Customers who live far from Bronzeville demanded a Chatham location for an easier commute, Wells said. Papa Kwesi Nduom, GN Bank’s chairman, “decided that it was time to start reconsidering reopening the 87th Street branch,” Wells said. 

GN Bank at 47th and Martin Luther King Drive in Chicago on Nov. 12, 2021. Credit: Danielle Scruggs, special to ProPublica

GN Bank, formerly known as Illinois Service Federal Savings & Loan, was founded in 1934 as one of the first Black-owned banks in the United States. The bank supported Black families on the South Side for decades as white-owned institutions systemically denied Black customers loans.   

After the bank suffered financially in the Great Recession and mid-2010s, closure was imminent. Nduom, a Ghanaian entrepreneur, bought it in 2016 with a “$9 million rescue plan,” according to Crain’s

In 2018, Nduom changed the name to GN Bank after Groupe Nduom, his family’s business conglomerate in Ghana, according to ProPublica.

But the Nduoms struggled to turn things around.

Customer service waned and employee turnover increased. A ProPublica investigation featuring Captain Hard Times’ owner Josephine Wade-Smith’ found that as the bank fought to maintain financial footing, long-time customers faced the threat of losing their homes through deceptive practices. 

GN closed the 87th Street branch in 2020 as the bank struggled to turn a profit, according to Crain’s. The bank received more than $20 million in funding from the city in 2017 and $10 million in state funds to sustain it before leaders returned all of it, saying they couldn’t afford the interest rates. 

GN Bank at 47th and Martin Luther King Drive in Chicago. Credit: Danielle Scruggs, special to ProPublica

The “ups and downs with the economy” led to the inevitable decision to close the Chatham branch, Wells said. Families began to close their accounts at the branch and transactions declined, Wells said. 

A “pretty large amount” of money was lost, Wells said.

“It wasn’t as profitable as it used to be,” Wells said. “It was a high overhead to have that branch open. It hurts a branch when you don’t have that service or the customers you started with.”

The bank is working on reestablishing customers and rebuilding a base in the community, Wells said. 

“We want our customers to have homeownership and business ownership, and we want to be their primary banking institution,” Wells said. 

Despite the “bad press,” GN Bank wants customers to know “they are listening,” Wells said.  

“Things happened, and we are trying to rebuild,” Wells said. “We are here, and we are here to stay. We are not closing. We’re trying to flourish. We want our customers to be there along the ride with us.”

Ald. Roderick Sawyer (6th) attends a City Council meeting on Sept. 14, 2021. Credit: Colin Boyle/Block Club Chicago

Ald. Roderick Sawyer (6th), whose ward borders the bank, said he hopes its leaders can take from their mistakes and use “best banking practices” to answer to neighbors. 

GN Bank could be a “catalyst for change” if it puts “money on the street to borrow” so neighbors can make personal and entrepreneurial investments, Sawyer said.

“It’s one thing to put money in and another thing when people need money for investments, home purchases and business expansions,” Sawyer said. “People need access to capital.
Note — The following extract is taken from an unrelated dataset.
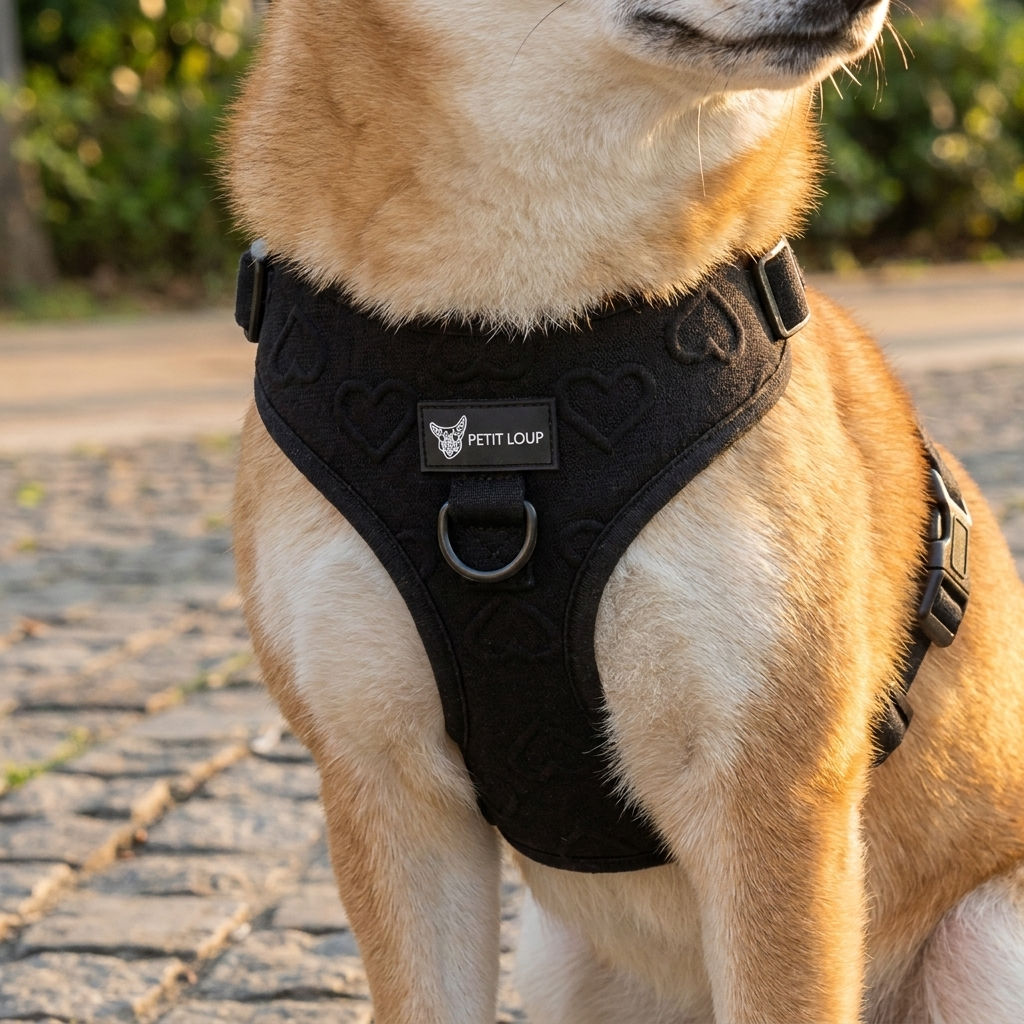 Dog harness — Amour black hearts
That’s how we grow businesses and that’s how we expand on home purchases.”

Ald. Anthony Beale (9th), whose ward includes the bank, didn’t respond to requests for comment.

GN Bank aspires to be a pillar in the community, Wells said.

The new location will cater to customers with updated technology, such as an app, that makes banking easier for all ages, Wells said. The bank will also establish community partnerships with outreach programs and financial literacy workshops, Wells said. 

This is its “rebirth,” Wells said. 

“I hope that the customer base sees us and understands that we are here for the people,” Wells said. “That’s what we pride ourselves on: being the best banking financial institution that they need and deserve.”